Chapter 12 Plan – Domestic Support Obligation

PLAN.  The Chapter 12 debtor’s plan treated a domestic court obligation to the debtor’s former wife as an allowed secured claim rather than as a domestic support obligation that must be repaid before the plan could be confirmed. In a post-divorce settlement agreement entered into prior to the filing for bankruptcy, the former spouse had agreed to reduce the debt from $106,000 to $88,000 that was payable in full on November 1, 2014. That agreement was a novation that replaced the parties’ original divorce property settlement. The new agreement stripped the debt of its domestic support obligation character and excused the debtor from having to pay it in full as a prerequisite to confirmation. The Chapter 12 plan offered to repay the debt over 20 years with interest, extending an obligation which was currently overdue in full.
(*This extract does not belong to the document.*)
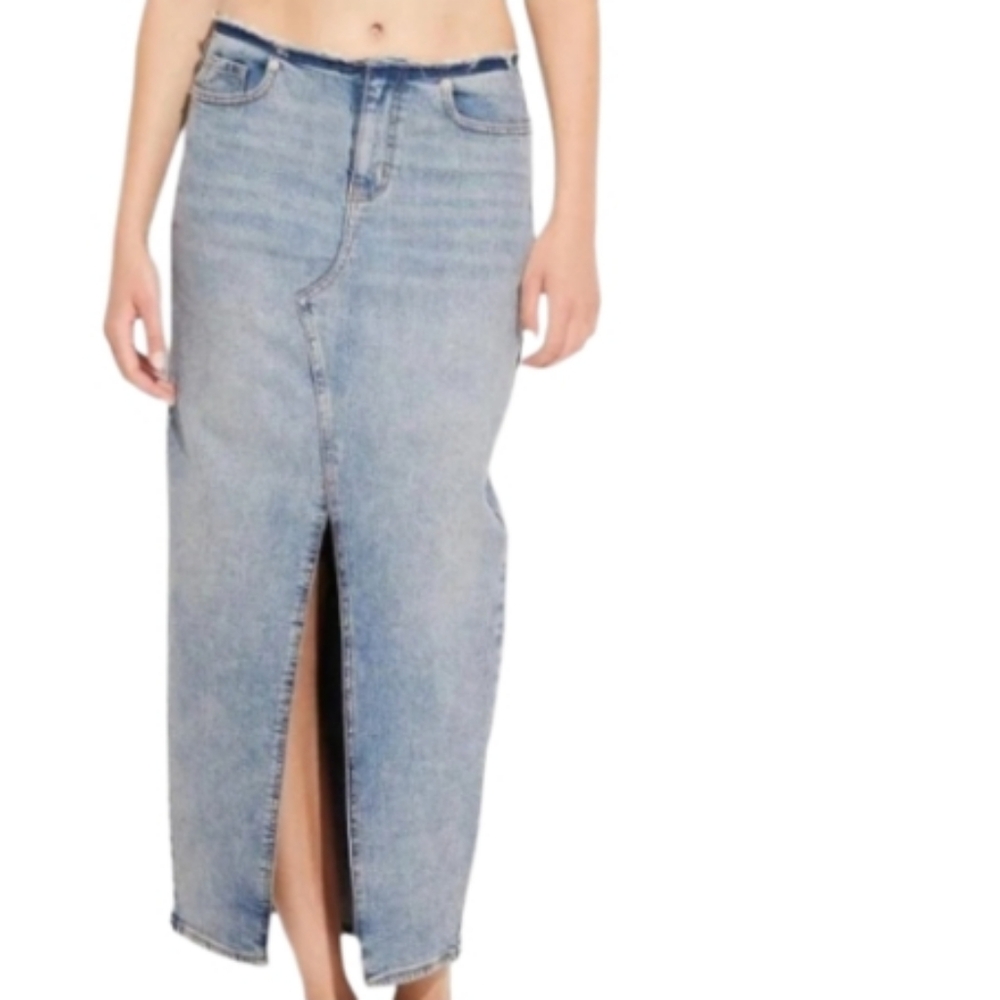 BLUE WASH DENIM MAXI SKIRT NWT SZ 12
The court noted that the debtor had been behind in payments under the original divorce agreement and had not made any payments for more than four years. The court first held that the new agreement was no longer a domestic support obligation because the agreement did  not include provisions for the death or remarriage of the former spouse or for failure to make support payments.  The court held that the plan could not be confirmed because it was not proposed in good faith since (1) the debtor had not made any payments for over four years; (2) the final payments would not be made until more than 14 years after the new agreement’s payment date; and (3) the plan did not provide a rate of interest at least equal to the interest paid for other secured creditors. In re Krier, 2016 Bankr. LEXIS 1872 (Bankr. D. Kan. 2016).